14En soulignant le risque implicite d’une approche exclusivement philologique, qui aurait comme prétention la « récupération d’un Marx pur et non corrompu [39] », Riccardo Bellofiore présente non seulement une interprétation de l’argumentation du Capital, mais aussi sa « personnelle reconstruction et développement d’elle [40] » : à cet égard, Bellofiore nous indique les auteurs fondamentaux – Napoleoni et Graziani – qui lui ont permis de tracer son propre parcours dans l’œuvre de Marx. En partant de Napoleoni, Bellofiore met en valeur la lecture du travail abstrait, qui est en même temps le travail privé, qui devient social seulement avec l’échange universel des marchandises, mais aussi le travail salarié, dominé par le capital ; il met aussi en valeur, en partant de Graziani, la lecture monétariste de la théorie de la valeur.

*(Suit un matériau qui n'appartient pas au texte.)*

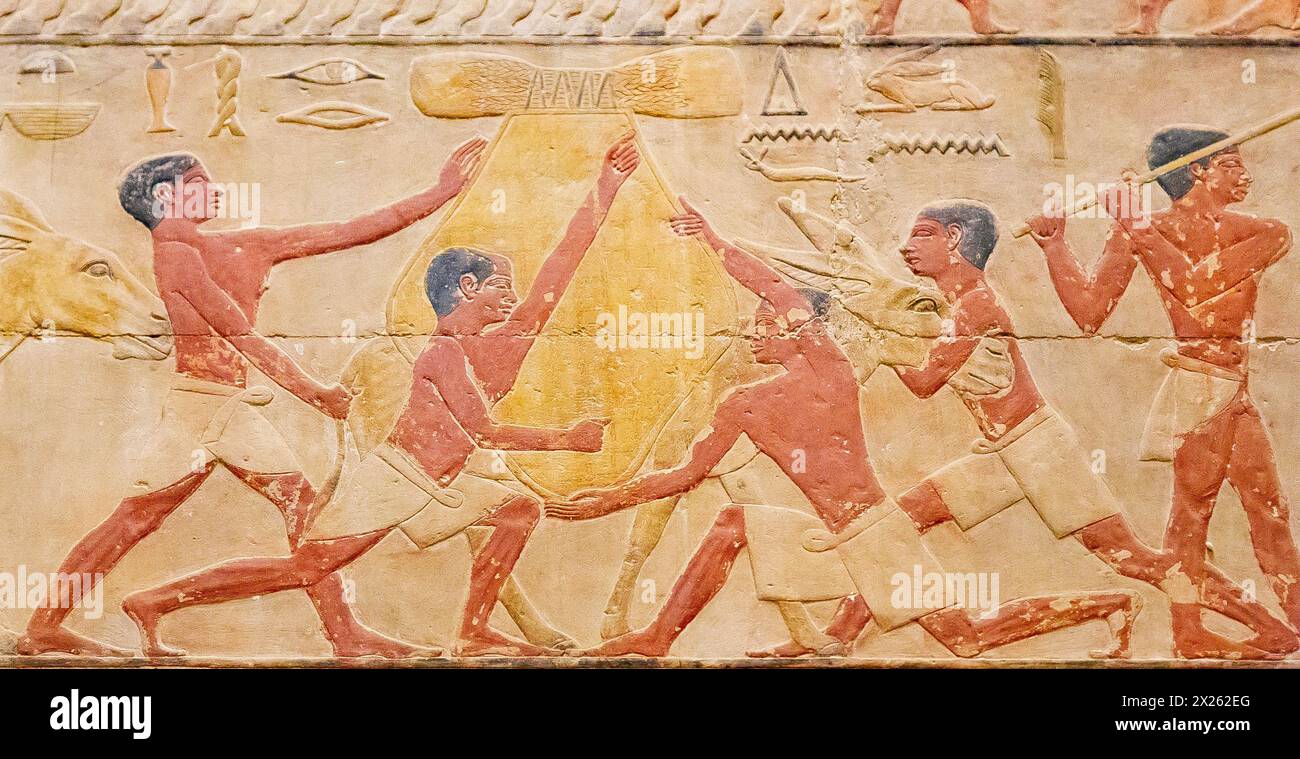 Ägypten, Sakkara, Grab von Ty, Landwirtschaft: Legen und pflegen Sie einen großen Getreidesack auf den Eselrücken. Stockfoto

15Avec ces instruments, Bellofiore propose une lecture des premiers chapitres du Capital. En commentant la première section, il souligne le fait que la valeur est un spectre qui doit « s’incorporer », « s’incarner » (expressions, souligne Bellofiore, que Marx utilise pour le travail concret, alors que le travail abstrait est « contenu » dans la valeur). Or, l’expression « valeur incorporée » vaut, en particulier, pour le travail concret qui s’incorpore dans l’or en tant qu’argent-marchandise, qui est une « Materiatur » de la valeur en argent. En soulignant l’usage de ce terme ancien, Bellofiore fixe un premier point-clé de son interprétation : « Si les choses en sont ainsi, comme l’a compris Rubin, il faut dire que le travail abstrait, en tant qu’activité, et la valeur, en tant que résultat, existent déjà, dans une forme latente, dans la phase de la production immédiate. Il y a transition de la puissance à l’acte, dans la phase de la circulation, dans l’échange sur le marché final des marchandises, où l’argent confère une réalité effective à ces grandeurs fantasmatiques [41] ». Donc, la marchandise est déjà argent, même si, d’une façon idéale, le prix est la forme d’argent des marchandises : « le travail immédiatement privé, qui produit les marchandises devant être l’objet de la “vente”, se reflète dans cet unique travail concret qui vaut comme étant immédiatement social et qui produit l’argent effectuant “l’achat”. En vertu de ce procès, le travail abstrait dans la marchandise se valide en tant que travail médiatement social, à l’intérieur de la circulation, dans l’échange avec l’argent [42] ». Bellofiore souligne que le travail concret qui produit l’or en tant qu’argent est la seule valeur immédiatement sociale, et que, dans le cas de l’or, on est devant une vente sans achat : à la source, l’or entre en circulation à travers un troc et il représente de ce fait les prix des marchandises. À partir de là les grandeurs monétaires des marchandises peuvent être anticipées de façon idéale.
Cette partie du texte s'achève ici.